TASK - Copy out every line in the entries below that includes "Premium".
☆ ☆ ☆
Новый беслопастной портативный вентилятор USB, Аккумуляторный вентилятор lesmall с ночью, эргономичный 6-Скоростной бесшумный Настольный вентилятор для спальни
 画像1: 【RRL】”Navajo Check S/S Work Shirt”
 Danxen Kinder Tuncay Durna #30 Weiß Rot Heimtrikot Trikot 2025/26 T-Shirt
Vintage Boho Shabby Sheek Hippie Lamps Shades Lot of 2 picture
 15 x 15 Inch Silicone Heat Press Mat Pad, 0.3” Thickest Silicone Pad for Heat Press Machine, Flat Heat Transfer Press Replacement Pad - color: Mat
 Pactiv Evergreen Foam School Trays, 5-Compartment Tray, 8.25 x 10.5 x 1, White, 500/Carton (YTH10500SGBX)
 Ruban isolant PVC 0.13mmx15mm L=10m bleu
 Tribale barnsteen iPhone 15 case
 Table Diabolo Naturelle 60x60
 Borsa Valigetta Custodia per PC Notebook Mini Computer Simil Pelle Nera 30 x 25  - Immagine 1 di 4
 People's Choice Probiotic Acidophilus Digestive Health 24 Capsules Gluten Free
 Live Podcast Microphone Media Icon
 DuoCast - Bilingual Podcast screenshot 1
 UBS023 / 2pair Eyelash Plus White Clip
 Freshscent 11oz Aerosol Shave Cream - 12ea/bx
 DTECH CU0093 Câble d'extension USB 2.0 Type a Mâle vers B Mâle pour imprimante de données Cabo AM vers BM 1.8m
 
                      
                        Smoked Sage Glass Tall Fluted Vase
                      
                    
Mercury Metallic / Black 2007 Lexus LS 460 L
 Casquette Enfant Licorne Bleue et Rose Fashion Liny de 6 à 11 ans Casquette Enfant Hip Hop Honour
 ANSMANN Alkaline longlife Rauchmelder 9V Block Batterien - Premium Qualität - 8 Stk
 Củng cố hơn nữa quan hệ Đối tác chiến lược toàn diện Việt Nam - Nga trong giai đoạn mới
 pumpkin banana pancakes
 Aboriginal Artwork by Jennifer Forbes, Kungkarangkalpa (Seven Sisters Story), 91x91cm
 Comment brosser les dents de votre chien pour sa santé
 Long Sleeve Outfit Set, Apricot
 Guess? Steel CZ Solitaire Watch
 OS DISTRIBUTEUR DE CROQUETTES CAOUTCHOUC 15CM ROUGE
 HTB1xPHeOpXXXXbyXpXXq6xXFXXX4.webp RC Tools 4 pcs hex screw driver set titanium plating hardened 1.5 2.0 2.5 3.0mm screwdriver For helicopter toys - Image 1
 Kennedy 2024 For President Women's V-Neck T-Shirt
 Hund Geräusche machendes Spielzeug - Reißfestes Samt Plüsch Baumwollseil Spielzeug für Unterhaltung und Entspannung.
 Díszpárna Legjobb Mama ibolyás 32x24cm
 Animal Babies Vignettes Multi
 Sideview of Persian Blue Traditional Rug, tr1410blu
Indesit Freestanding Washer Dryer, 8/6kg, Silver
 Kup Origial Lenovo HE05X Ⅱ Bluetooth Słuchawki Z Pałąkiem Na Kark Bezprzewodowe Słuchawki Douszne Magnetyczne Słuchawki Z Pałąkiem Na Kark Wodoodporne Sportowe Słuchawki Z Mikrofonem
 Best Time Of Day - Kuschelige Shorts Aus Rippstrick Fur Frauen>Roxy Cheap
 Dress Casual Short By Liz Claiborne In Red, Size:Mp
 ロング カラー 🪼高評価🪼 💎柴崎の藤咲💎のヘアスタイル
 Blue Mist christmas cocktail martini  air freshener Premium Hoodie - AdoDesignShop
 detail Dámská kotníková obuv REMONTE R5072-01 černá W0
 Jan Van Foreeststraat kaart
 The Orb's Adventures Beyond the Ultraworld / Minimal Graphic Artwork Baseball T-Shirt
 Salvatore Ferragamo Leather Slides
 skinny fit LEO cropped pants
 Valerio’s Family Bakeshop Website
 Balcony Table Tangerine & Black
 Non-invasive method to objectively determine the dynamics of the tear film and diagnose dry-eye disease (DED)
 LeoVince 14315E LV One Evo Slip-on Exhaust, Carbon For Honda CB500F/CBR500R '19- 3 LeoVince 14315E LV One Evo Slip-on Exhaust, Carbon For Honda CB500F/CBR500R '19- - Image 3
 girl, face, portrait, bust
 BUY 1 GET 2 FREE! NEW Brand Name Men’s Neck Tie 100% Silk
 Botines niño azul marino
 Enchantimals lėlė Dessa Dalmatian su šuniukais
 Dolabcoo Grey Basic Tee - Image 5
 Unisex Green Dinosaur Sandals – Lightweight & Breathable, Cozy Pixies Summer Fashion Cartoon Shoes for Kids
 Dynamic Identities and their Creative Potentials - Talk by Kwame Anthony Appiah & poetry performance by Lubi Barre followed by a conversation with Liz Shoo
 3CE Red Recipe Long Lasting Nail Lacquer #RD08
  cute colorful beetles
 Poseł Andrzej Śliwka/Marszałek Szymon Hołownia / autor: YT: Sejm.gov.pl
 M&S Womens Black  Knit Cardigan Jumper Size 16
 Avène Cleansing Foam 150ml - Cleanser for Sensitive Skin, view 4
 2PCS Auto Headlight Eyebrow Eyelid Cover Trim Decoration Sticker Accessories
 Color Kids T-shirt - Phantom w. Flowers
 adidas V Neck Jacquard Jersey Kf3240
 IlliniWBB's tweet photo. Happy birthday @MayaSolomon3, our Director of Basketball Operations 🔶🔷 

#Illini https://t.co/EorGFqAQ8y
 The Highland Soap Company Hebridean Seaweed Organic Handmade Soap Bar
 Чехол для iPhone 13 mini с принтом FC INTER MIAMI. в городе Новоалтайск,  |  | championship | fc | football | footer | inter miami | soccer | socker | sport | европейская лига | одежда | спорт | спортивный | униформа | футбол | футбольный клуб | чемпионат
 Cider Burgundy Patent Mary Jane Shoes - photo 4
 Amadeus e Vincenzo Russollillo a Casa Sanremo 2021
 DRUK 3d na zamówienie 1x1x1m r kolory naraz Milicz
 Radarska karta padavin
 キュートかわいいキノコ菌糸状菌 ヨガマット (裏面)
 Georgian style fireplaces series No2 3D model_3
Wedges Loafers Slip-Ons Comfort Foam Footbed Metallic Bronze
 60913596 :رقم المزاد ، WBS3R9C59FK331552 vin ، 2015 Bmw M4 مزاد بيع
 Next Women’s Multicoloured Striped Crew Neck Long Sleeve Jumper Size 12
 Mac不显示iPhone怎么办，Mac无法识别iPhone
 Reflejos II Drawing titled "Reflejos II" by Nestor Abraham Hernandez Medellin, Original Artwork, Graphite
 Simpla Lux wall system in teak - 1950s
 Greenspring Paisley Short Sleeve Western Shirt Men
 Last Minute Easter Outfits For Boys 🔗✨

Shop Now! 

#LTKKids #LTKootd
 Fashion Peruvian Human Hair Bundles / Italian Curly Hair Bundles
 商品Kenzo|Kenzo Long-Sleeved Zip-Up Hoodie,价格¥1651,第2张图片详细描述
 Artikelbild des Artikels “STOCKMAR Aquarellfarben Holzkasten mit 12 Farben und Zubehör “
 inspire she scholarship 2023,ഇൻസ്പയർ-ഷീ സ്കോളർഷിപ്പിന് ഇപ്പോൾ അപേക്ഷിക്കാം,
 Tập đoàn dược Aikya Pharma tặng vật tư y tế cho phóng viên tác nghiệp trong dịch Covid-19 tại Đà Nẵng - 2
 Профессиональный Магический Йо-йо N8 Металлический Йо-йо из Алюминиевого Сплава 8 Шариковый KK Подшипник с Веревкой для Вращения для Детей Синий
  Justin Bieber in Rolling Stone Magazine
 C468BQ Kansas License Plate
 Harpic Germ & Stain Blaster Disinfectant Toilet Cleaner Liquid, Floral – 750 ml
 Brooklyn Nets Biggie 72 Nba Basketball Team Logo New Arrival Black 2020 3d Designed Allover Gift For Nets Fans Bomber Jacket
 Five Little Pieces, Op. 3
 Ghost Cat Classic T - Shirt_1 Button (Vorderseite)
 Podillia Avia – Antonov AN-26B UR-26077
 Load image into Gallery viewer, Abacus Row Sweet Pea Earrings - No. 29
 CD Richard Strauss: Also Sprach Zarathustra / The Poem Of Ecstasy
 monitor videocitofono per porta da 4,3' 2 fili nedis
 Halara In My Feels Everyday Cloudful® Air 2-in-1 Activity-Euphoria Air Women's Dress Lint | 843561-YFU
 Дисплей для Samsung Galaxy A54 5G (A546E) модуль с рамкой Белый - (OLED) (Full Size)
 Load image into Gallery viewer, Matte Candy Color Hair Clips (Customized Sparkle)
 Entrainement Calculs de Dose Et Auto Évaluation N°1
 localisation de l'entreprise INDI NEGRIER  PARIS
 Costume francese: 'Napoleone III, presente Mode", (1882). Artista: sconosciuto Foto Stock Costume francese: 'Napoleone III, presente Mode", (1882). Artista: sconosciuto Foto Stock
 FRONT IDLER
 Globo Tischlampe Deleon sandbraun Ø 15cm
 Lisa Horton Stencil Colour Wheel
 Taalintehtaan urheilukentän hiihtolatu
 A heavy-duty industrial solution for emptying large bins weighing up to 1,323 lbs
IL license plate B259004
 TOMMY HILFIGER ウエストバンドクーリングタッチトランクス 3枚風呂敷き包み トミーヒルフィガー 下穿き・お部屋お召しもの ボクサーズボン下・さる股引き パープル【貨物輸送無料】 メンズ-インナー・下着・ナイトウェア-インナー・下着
☆ ☆ ☆
RESPONSE FOR THIS EXERCISE -
 ANSMANN Alkaline longlife Rauchmelder 9V Block Batterien - Premium Qualität - 8 Stk
 Blue Mist christmas cocktail martini  air freshener Premium Hoodie - AdoDesignShop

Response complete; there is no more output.